Pedro, levantamos bem cedo nesta segunda-feira nublada, fria e molhada. Eu e o papai te levamos na neuropediatra. Nome complicado né? É uma médica que entende da cabeça da gente, do funcionamento dela.

No caminho até o consultório você foi distribuindo sorrisos aos que passavam e recebendo elogios de volta. Me impressiono em ver como você é simpático com todos e como todos te devolvem carinho. Mais uma vez se impressionaram com o fato de ter nascido com 25 semanas de gestação. “Nossa, só 25? Que pequenininho”; “Que apressado”.
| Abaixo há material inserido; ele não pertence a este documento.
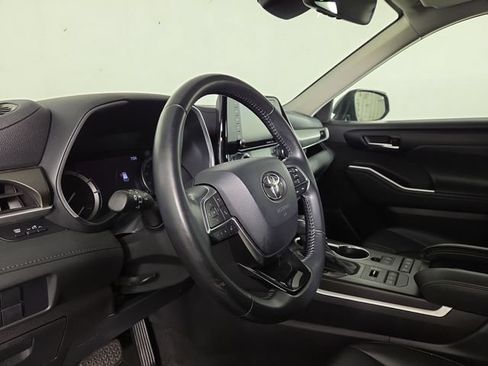 Used 2021 Toyota Highlander XLE AWD/4WD image 14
Na sala de espera mais olhares para você e mais sorrisinhos. Chegada a nossa vez entro com você no colo, respondo algumas perguntas e te coloco na maca para a médica examinar. Tiram a sua roupinha (ai que dó tá friiiioo) e fazem testes nas suas perninhas, joelhos e pés.

A médica fala comigo sobre a sua espasticidade de membros inferiores, mas eu só consigo prestar atenção na sua cara de sapeca, no quanto você está agitado e balbuciando animadamente enquanto olha tudo ao seu redor. Você se mexe tanto que a médica precisa te aparar toda hora para que você não role da maca.
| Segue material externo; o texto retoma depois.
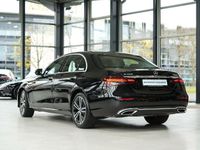 Gebraucht Mercedes E450 Avantgarde 367 PS (269 kW) 2023 Obsidianschwarz  metalliclack Limousine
Entram algumas residentes (estudantes) e todas fazem aquele coro “Aiii que ‘bunitiiinho’”. Uma comentou da sua bochecha. Outra falou da sua esperteza. E uma delas falou “Como ele é simpático”. Todas ficaram olhando a médica terminar de te examinar e sorrindo pra você. Olhei pro seu pai e ele estava com uma cara de risinho também. Acho que estava pensando em como você está sapeca e como já faz sucesso com a mulherada! rs

Você sorri bastante. De manhã então…você é o Miss Simpatia. Você não acorda chorando. Quando te pego no berço você abre um sorrisão banguela e agita as perninhas e bracinhos. Tipo “Bom dia mamãe! Me pega daqui que eu quero começar meu dia”.

Sua alegria contagia, filho. E hoje você parecia um pontinho brilhante no meio daquela gente toda. Era eu passar com você que todo mundo mexia, comentava. Fiquei toda babona vendo como você se tornou um bebê feliz apesar do que passou na UTI. Seu sorriso alegra meu dia, sabia?! Até essa segundona nublada e fria.

Tem coisa mais valiosa que saúde e alegria de filho? Eu desconheço.